--- START ---

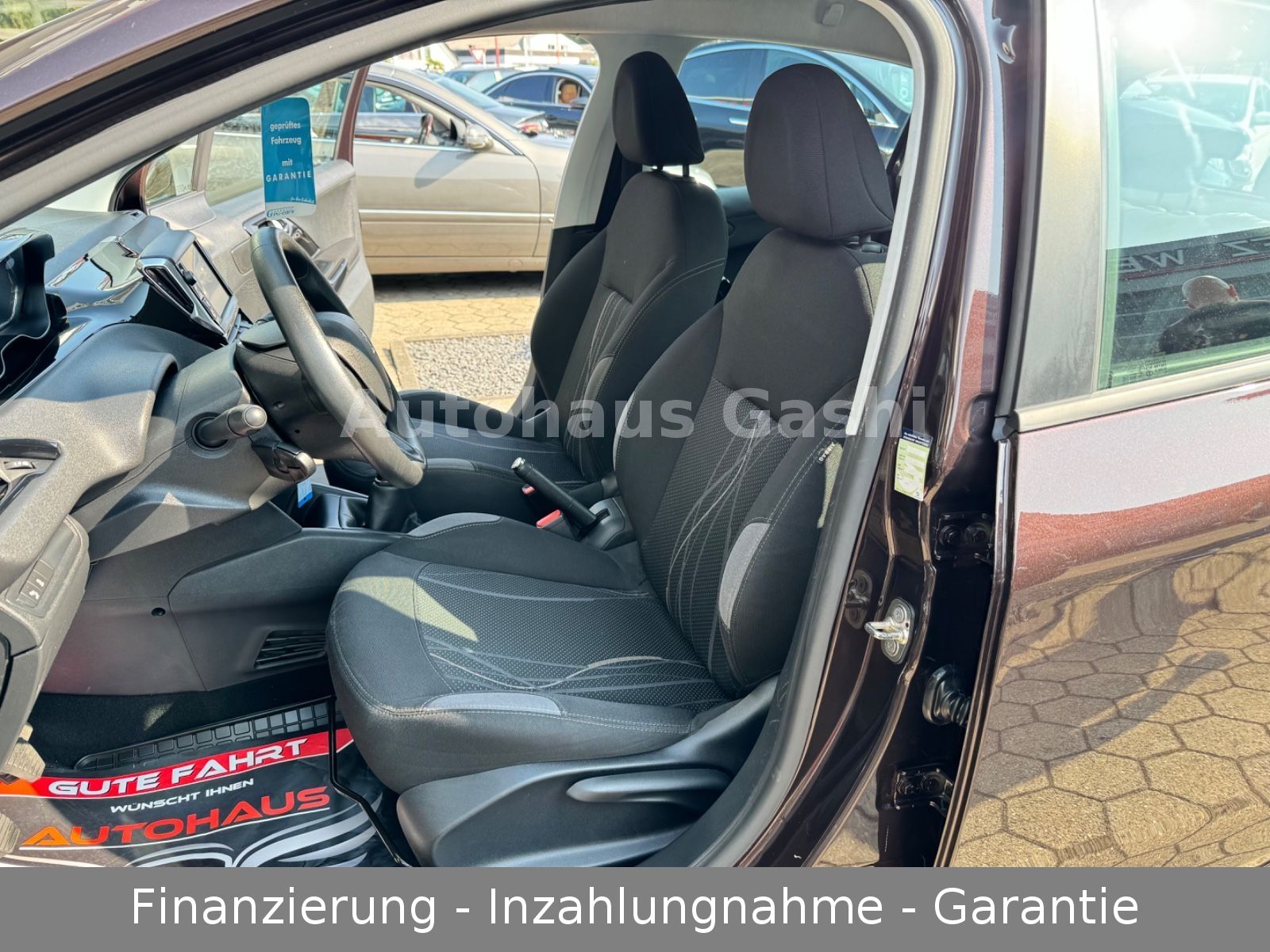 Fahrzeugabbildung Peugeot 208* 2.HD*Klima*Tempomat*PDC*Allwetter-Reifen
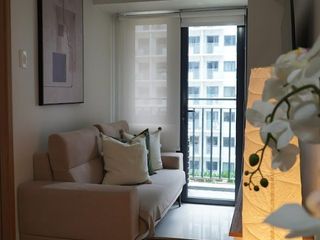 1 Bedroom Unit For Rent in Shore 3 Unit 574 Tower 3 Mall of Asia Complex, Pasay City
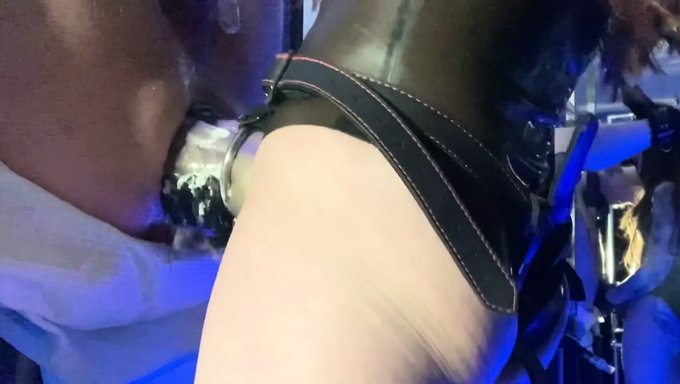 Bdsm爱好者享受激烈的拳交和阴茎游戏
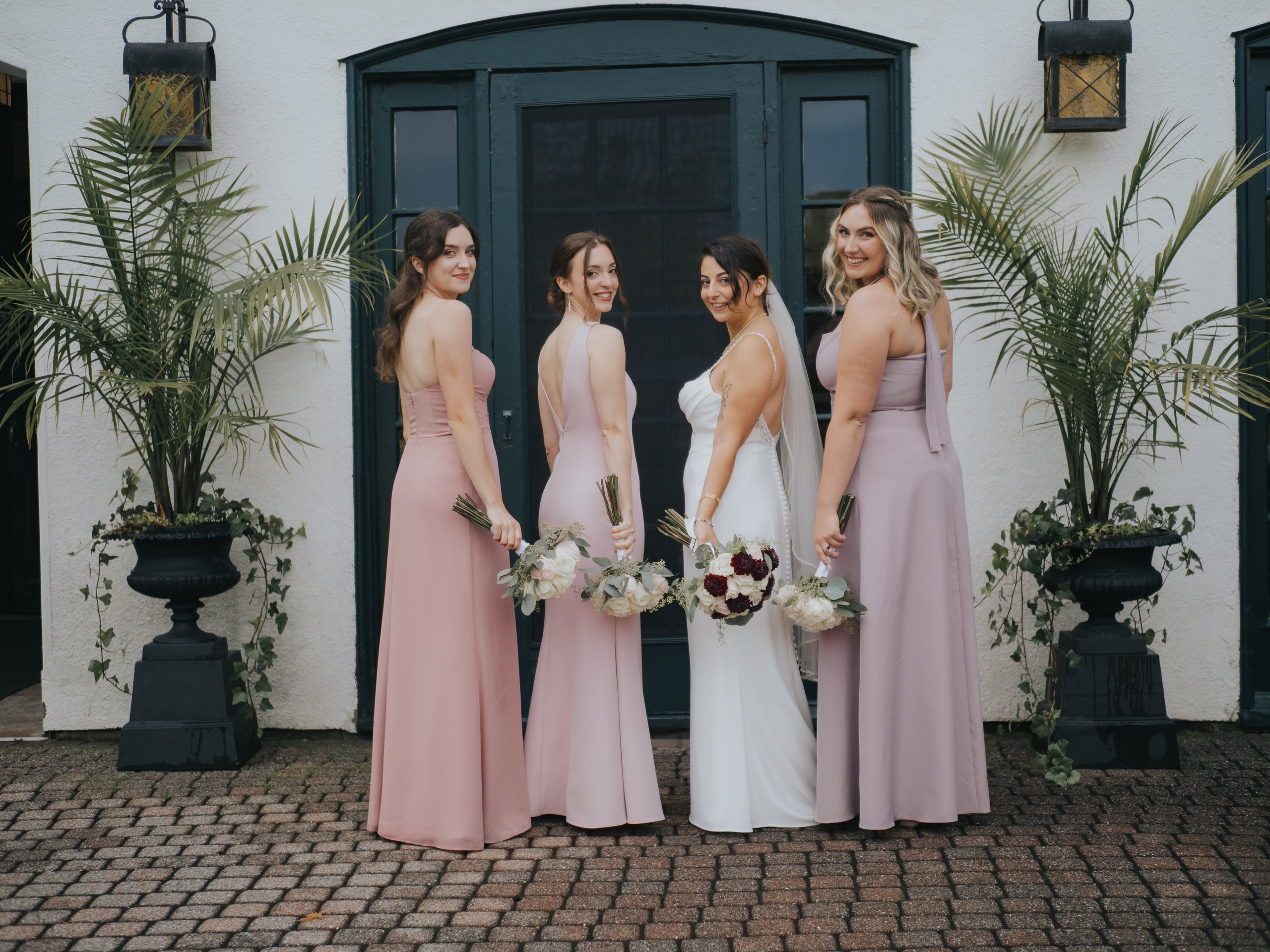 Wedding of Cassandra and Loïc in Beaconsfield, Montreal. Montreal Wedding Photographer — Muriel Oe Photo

--- END ---

Only those lines from the one containing "Bdsm爱好者享受激烈的拳交和阴茎游戏" to the end of the material above, retyped exactly and without pictures, belong in your reply.

 Bdsm爱好者享受激烈的拳交和阴茎游戏
 Wedding of Cassandra and Loïc in Beaconsfield, Montreal. Montreal Wedding Photographer — Muriel Oe Photo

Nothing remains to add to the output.